Hay, no obstante, prioridades que el ciudadano común tiene siempre en su haber y que no va a dejar de exhibir. La más evidente de todas ellas es sin duda la exigencia de una cierta tranquilidad pública. Este es un término equívoco. Vivir tranquilos no tiene el mismo significado, por ejemplo, en el País Vasco que en la capital del reino. La tranquilidad, por lo demás no debe ser nunca en política el fruto o la ocasión del miedo. Con razón decía Churchill que democracia es cuando suena el timbre de la calle de madrugada, sale uno a abrir y es el lechero. Muchos que se asombran de los triunfos políticos del franquismo olvidan con frecuencia que, al margen las conquistas reales que el viejo régimen lograra, la sociedad española de las últimas décadas ha vivido por y para el miedo. La experiencia trágica de la guerra civil, la represión y los fusilamientos, de la posguerra, las purgas políticas, la exhibición de antecedentes, los tribunales especiales..., en éste país se ha montado en los últimos cuarenta años un gigantesco aparato de represión, que ha mantenido a raya las aspiraciones de los soñadores. Sin duda había muchos españoles, y los sigue habiendo, admiradores fervientes del franquismo. Y hasta pueden haber sido los más, e incluso en abrumadora mayoría. No lo creo, pero no es el caso discutirlo. Sin embargo resultaría difícil no admitir que una historia de temores y de huidas permanentes hubo de crearse entre los universitarios, los intelectuales, los líderes obreros y los ciudadanos a secas que no admitían los supuestos franquistas y que hoy tienen, que, oír de sus antiguos perseguidores: «Nosotros tenemos tanto derecho a ser demócratas como el que más.» Habráse visto.

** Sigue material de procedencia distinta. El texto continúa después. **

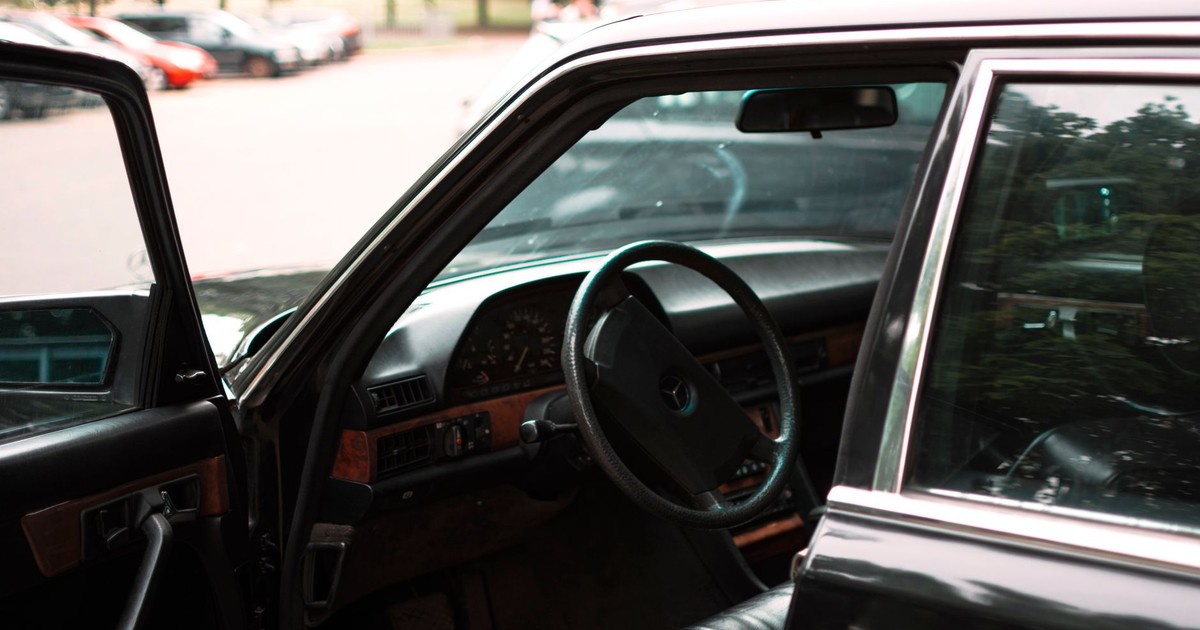 Close-up of an open car door showing the steering wheel and dashboard with a blurred parking lot background.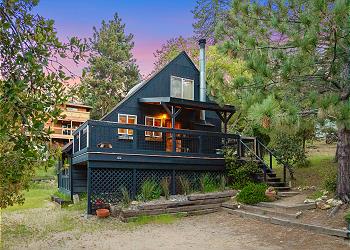 This beautiful Chalet is nestled in the pines.
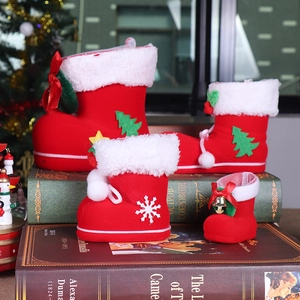 Close-up of red flocked Christmas boots with tree and bell details on vintage books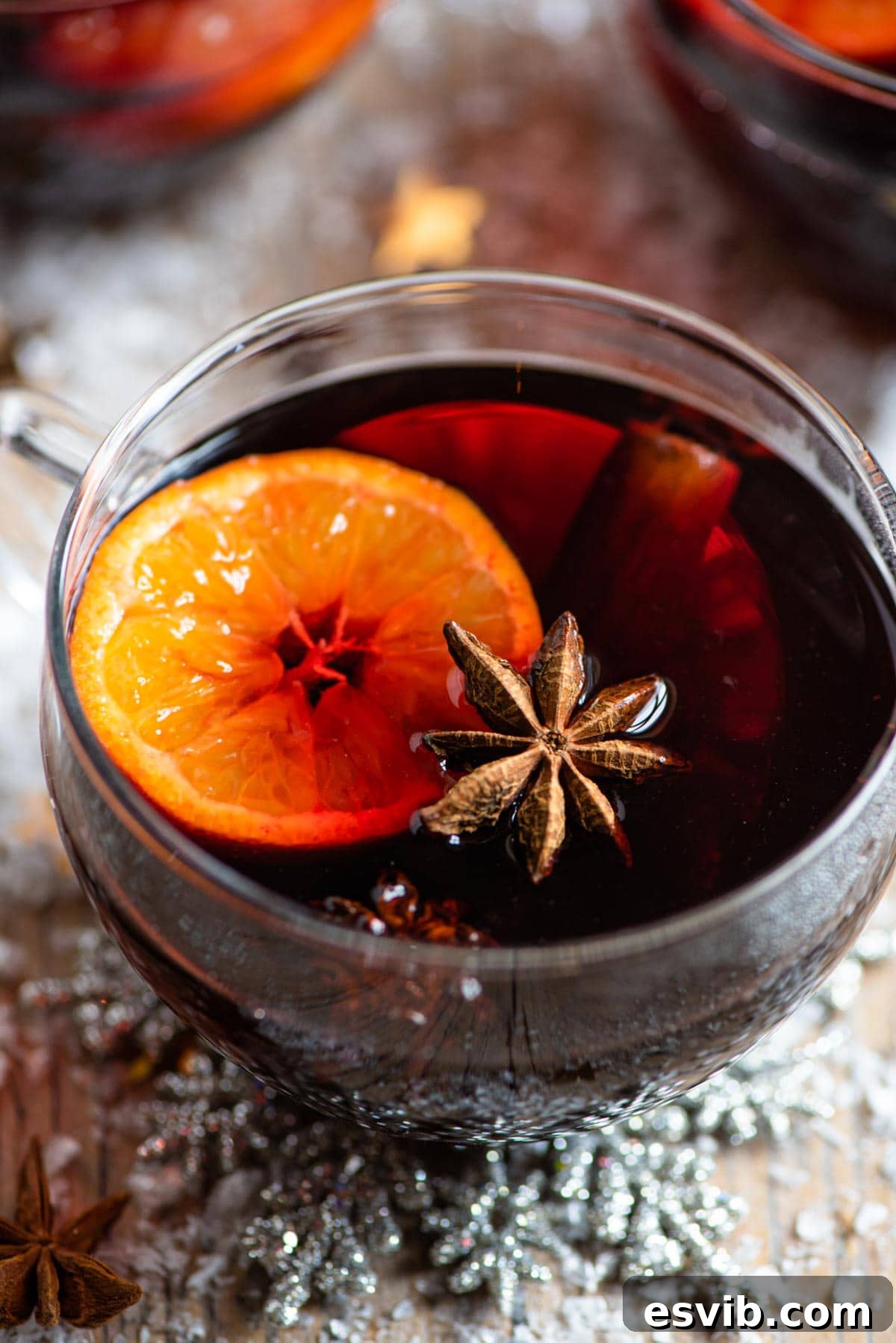 A close up of a mug of mulled wine with oranges, star anise and cinnamon, ready to be enjoyed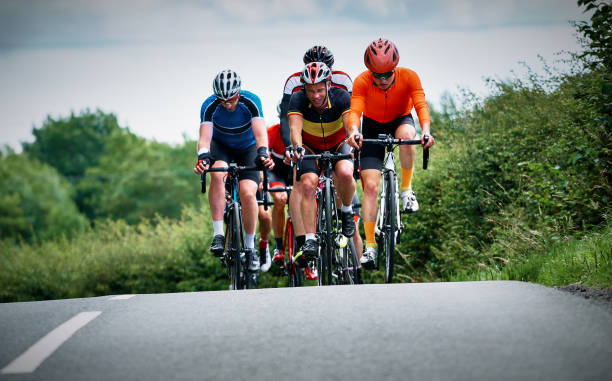 istock Cyclists racing on country roads. 1002108710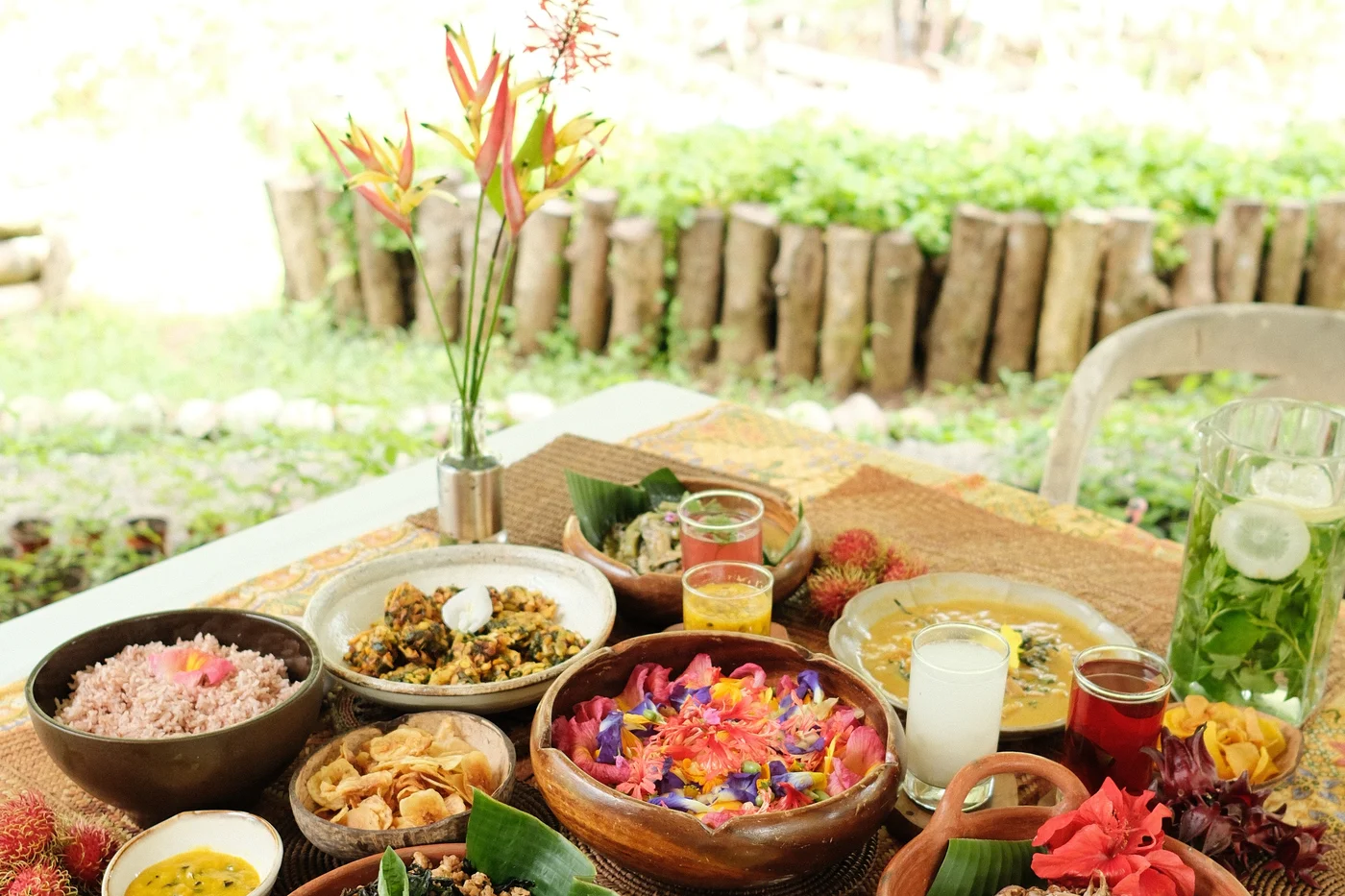 A long table set with bowls of fresh farm food and a tall arrangement of garden flowers, waiting in the green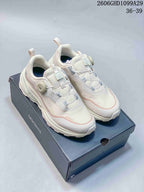 Pair of off-white DESCENTE sneakers with dial-adjustable wire lacing on a branded box
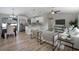 Open floor plan showcasing a stylish living room connected to the kitchen and dining area with hardwood flooring at 3117 Pine Tree Dr, Edgewater, FL 32141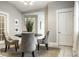 This dining room features four chairs, a round table, neutral walls, and tile floors at 529 E Merrill St, Indianapolis, IN 46203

Los pueblos no aspiran a hacer grandes razonamientos intelectuales sobre lo que les pasa. Son por excelencia intuitivos y conservadores. Los españoles despiertan hoy de un largo sueño mezclado de pesadillas y emociones. Siempre creíamos que aquí podía pasar cualquier cosa cuando Franco muriera. No ha transcurrido ni un año y los sucesos de noviembre del 75 nos parecen lejanos en la historia y en el compromiso. Y a la postre, todos nos confesamos a nosotros mismos que en definitiva nada tan apocalíptico como lo que se vaticinaba ha sucedido. No ha habido tanques en la calle y los conflictos, aun siendo muy graves, no son definitivos. Quizá precisamente por eso la gente comienza a comprender que lo que pasa es que Franco no ha muerto todavía del todo. No por lo menos para sus herederos políticos. La sombra del pinochetismo planea aún sobre nuestras cabezas, y ese es un índice de que la confianza en el poder brilla por su ausencia.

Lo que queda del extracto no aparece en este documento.